Olocausto americano

- Authors
- David E. Stannard
- Publisher
- Bollati Boringhieri
- Date
- 2020-06-14T21:00:00+00:00
- Size
- 23.95 MB
- Lang
- it
Nel buio delle prime ore di un giorno di luglio del 1945, in un luogo desolato del deserto del New Mexico, il cui nome era dedicato a un sonetto di John Donne che celebrava la Santissima Trinità, esplose la prima bomba atomica. J. Robert Oppenheimer, tempo dopo, ricordò che l’immenso lampo di luce, seguito da un fragoroso boato, provocò il pianto in alcuni osservatori e suscitò il riso in altri. Ma la maggior parte di loro rimase silenziosa. In quel momento a Oppenheimer vennero alla mente i versi della Bhagavadgītā:
Divengo morte,
la distruttrice dei mondi.
Non vi è alcuna ragione per supporre che qualcuno a bordo della Niña, della Pinta o della Santa Maria, durante un’alba ugualmente oscura di quattro secoli e mezzo prima, abbia pensato a questi inquietanti versi dell’antico poema sanscrito, mentre gli equipaggi delle navi spagnole scorgevano in lontananza un barlume di luce sull’isola che avrebbero chiamato con il nome del Salvatore.

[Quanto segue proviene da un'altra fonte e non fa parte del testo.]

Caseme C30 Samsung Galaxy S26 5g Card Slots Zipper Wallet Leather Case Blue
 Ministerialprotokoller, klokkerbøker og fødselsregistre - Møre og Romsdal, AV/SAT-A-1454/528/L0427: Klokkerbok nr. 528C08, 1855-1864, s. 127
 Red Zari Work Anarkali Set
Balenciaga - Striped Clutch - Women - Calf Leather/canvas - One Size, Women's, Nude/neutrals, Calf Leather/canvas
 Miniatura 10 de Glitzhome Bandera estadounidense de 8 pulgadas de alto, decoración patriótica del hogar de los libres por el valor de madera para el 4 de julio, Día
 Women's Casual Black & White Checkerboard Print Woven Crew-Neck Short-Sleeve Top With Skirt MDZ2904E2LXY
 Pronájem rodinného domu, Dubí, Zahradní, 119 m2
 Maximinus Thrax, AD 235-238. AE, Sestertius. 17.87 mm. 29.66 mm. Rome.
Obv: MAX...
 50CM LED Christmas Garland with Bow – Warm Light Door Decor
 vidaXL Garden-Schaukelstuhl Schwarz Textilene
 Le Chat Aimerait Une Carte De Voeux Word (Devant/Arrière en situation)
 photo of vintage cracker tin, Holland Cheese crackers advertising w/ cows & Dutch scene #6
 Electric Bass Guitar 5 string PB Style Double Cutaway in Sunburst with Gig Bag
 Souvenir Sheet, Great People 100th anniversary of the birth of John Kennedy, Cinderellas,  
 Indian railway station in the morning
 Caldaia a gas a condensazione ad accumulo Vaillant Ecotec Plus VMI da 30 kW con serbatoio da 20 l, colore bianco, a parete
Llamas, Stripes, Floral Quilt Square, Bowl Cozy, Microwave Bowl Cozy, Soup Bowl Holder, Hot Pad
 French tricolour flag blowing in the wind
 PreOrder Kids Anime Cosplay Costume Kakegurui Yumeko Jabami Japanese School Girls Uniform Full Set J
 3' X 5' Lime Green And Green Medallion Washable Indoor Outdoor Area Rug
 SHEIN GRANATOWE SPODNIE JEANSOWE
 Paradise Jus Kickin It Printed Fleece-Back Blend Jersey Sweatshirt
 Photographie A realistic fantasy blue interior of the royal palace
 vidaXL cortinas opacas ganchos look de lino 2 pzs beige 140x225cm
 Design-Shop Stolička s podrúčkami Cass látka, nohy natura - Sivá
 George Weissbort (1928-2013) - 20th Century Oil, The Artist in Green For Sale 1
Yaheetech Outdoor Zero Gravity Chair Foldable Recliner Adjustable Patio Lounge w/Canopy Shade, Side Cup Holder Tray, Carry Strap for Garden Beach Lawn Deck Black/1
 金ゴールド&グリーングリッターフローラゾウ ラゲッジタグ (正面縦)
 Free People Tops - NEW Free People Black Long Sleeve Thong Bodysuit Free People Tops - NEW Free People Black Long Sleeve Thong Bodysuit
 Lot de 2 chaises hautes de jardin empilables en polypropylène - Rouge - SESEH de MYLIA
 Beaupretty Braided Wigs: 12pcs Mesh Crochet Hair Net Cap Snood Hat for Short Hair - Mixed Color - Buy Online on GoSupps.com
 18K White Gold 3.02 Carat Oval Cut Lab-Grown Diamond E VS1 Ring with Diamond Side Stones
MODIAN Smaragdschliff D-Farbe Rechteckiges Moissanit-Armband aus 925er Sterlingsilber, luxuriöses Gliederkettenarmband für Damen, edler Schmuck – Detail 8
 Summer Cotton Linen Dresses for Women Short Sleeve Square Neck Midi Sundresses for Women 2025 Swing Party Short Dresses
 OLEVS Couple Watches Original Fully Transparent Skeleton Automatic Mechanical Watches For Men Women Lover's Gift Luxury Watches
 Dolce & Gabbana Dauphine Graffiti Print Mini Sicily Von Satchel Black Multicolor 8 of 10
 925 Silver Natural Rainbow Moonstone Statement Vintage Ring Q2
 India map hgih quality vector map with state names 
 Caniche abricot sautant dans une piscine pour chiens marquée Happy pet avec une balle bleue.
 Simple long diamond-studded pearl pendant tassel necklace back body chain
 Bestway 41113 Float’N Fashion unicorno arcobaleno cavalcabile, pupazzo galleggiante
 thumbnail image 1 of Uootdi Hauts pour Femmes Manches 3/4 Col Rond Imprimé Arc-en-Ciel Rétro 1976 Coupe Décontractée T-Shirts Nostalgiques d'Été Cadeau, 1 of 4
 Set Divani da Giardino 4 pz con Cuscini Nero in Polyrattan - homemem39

Ma l’idea, se qualcuno l’avesse avuta, sarebbe stata appropriata allora come quando la prima esplosione atomica fece tremare la sabbia del deserto del New Mexico.
In entrambi i casi – nel 1945 nella zona di Trinity dove furono realizzati i test atomici e nel 1492 sull’isola di San Salvador –* si trattò, per i protagonisti, di momenti di successo che coronarono anni di avventura e di intense battaglie personali e, per i loro paesi, di importanti conquiste tecnologiche. Ma i due avvenimenti furono anche il preludio di orge di distruzione umana che toccarono, ognuna in modo particolare, livelli di devastazione mai raggiunti nell’intera storia del mondo.
Solo ventun giorni dopo il primo test atomico nel deserto, la cittadina industriale giapponese di Hiroshima fu distrutta dall’esplosione atomica; fu la prima volta che così tante persone – almeno centotrentamila, ma probabilmente molte di più – morirono durante un’unica esplosione.1 Appena ventun anni dopo il primo sbarco di Colombo ai Caraibi, l’isola vastamente popolata che l’esploratore aveva rinominato Hispaniola era divenuta una terra desolata; quasi otto milioni di persone – che Colombo aveva scelto di chiamare indiani – erano state uccise dalla violenza, dalle malattie e dalla disperazione.2 Ci volle più tempo, l’arco di una generazione, ma ciò che avvenne sull’isola di Hispaniola equivalse a più di cinquanta Hiroshima. E Hispaniola non fu che l’inizio.